Okay, I know it’s been two-and-a-half years, but I honestly still can’t believe it. And so I have to ask; come on guy, you really needed to steal my doormat? My doormat?
And we’re not even talking about an ornamental, expensive doormat – the kind embroidered by a young child in a dark factory in the heart of Taiwan; the kind with the word “WELCOME” woven in over an irresistibly crude caricature of puppies playfully squirming under a doormat of their own, their big eyes staring straight through your soul; the kind that you can only find in an elegant, out-of-the-way specialty store like K-Mart or Target. And I understand that not everyone has the rare combination of both ten seconds and six dollars that it takes to go out and buy one of their own. And if I had owned this kind of extravagantly decorative doormat, I would understand a working man’s need to steal it, to give his family a small taste of the same lavish, luxurious lifestyle that Doukhobors like myself enjoy in our rent-controlled apartments in the heart of Queens.
But that’s not the kind of doormat we’re talking about, is it? The kind of doormat we’re talking about, the kind that you stole under the dark cover of night, is dirty and beige; it’s the kind of doormat that I got not from Wal-Mart, nor even from Kiki’s 99-Cent Emporium, but rather from the relatives of an elderly neighbor who had recently died, shuffling off this mortal coil in housedress and slippers, plastic bags clutched in her hand, a faded babushka on her head and a complaint about the heat left unspoken on her tongue. That’s right; you stole a free, dead woman’s doormat.
To be honest, I’m not even angry so much as I am completely baffled; what, exactly, did you think you were going to do? Just put it down outside of your apartment, the only place you could logically use it, and hope that I wouldn’t go door-to-door through the building hallway looking for it?

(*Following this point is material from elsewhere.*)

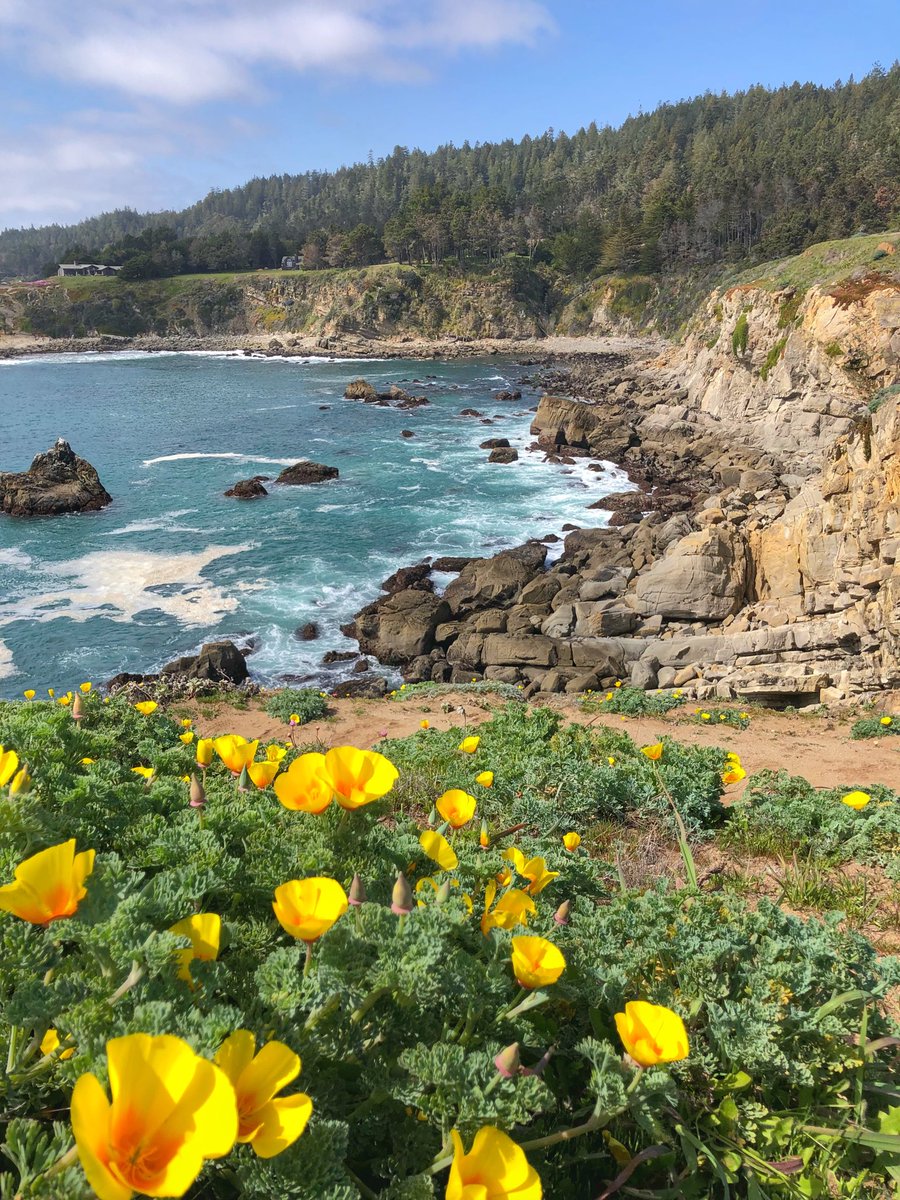 Seriously... this is #spring on the #Sonoma coast. @InsideSonoma @thetimbercove #timbercoveresort #winecountry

In the annals of crime, stealing a neighbor’s doormat falls somewhere between mugging your boss in the elevator on the way up to the office and bursting into a police precinct, waving your shotgun in the air, and declaring that the next person who moves gets it. Which is to say that it falls exactly halfway between being “poorly thought out” and “fucking retarded.”
And if you can’t use a doormat for its intended purpose, what exactly would you do with it? Sell it on eBay? Not that I would put it past you; after all, the person who would steal a used dime-store doormat is the exact same person who has undoubtedly, at several points in their life, had a small, swarthy man named Chico calmly inform them that “you ain’t can’t have the weed if you ain’t don’t gots the cash.”
And so I scoured Craig’s List, searching for the tell-tale ad: “FOR SALE,” I imagined it would say, “Doormat, gently used – NO QUESTIONS ASKED! Serial numbers have been filed off. Am looking for best reasonable offer – cash, food, or even MetroCard swipe into subway.”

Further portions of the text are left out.